もともと土が浅かったのですが、それでも30㎝は地面に根をおろしています。

早朝、みんなで一斉に収穫です。大根がそろってすべて収穫できました。ちょっと曲がりましたが、漬物なら問題なし。

まとめ

①種まきと間引きは収穫したい大根によって、間引きのやり方をを変えます。

太く大きい大根をできるだけ早く収穫したいなら、できるだけ間引きをこまめに広く株間を取る。長い間、細く長い大根が欲しいなら間引きを少なく、間引き間隔で長く収穫しよう。

②害虫は、いつもあなたの畑を見ています。

人間「今年良いもの採れたから来年もここでちょっと早く沢山やってみよう。」虫「今年ここにこんないい大根がたくさんあったね。来年はもっとみんなで食べちゃおう。」きちっと害虫対策をしましょう。害虫が発生してからでは手遅れになることもあります。

③大根は高温・乾燥が苦手です。

播種のタイミングがすべての作業に影響します。
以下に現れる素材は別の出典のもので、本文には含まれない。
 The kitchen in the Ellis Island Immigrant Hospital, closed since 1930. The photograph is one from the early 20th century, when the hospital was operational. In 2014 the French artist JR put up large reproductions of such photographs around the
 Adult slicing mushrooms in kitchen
なので地域に見合った時期が絶対です。早撒きは私はおススメしません。失敗の原因はここにあると思います。また、大根の収穫適期はあっという間にやってきます。収穫適期を逃すと芯いり原因になることもありますので注意してください。

丁寧に深く耕す。土が少なく浅い場合は、畝を立て、土の量を確保する。

大根の根の障害

又根

未熟たい肥や肥料などのある所に、根が伸びてきた場合、根の先端が痛んでしまったことによることで起こります。したがって、大根の肥料はなるべく早く土になじませておく、たい肥は前作の時にいれ、大根作には使わない方がいいと思います。

ス入り

切ってみると中がスカスカのスポンジのようになっていること。瑞々しい感じではなく白く濁って見えます。

根の肥大が急激に起こるような場合です。株間を大きく取り過ぎてしまった場合、どんどん成長が進み過ぎています。
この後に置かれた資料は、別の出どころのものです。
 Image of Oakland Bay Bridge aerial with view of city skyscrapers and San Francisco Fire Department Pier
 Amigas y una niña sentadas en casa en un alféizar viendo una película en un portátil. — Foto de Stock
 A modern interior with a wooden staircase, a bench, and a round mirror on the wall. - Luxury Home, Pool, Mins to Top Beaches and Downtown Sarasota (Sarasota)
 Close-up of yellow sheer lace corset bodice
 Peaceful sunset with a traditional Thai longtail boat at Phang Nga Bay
また肥料と気温に影響されてこの症状が起こります。なので早撒きしないようにお願いします。

皆さんの地域に合ったまき時です。私の地域だと9月入ってからですね

上の縦割りした大根見てください。先の方が黒い筋が入っているのがわかりますか?

では、青首のところはどうでしょう。切ってみるとこんな感じで白くなっているのがおわかりだと思います。こうなってしまうとほとんどの大根も同じ症状です。全て無駄になってしまいますね。

裂根

大根の根に縦にひびが入る現象です。これは中と外の根の成長バランスが崩れて起こるので株間が広い所に多く発生します。少し株間狭くしてみてください。

網入り

根の表皮に網目があるように見えます。これを網入りと言います繊維が固いです。高温・乾燥状態で起こるので気を付けましょう。

ps あと大根引きには腰痛にご注意。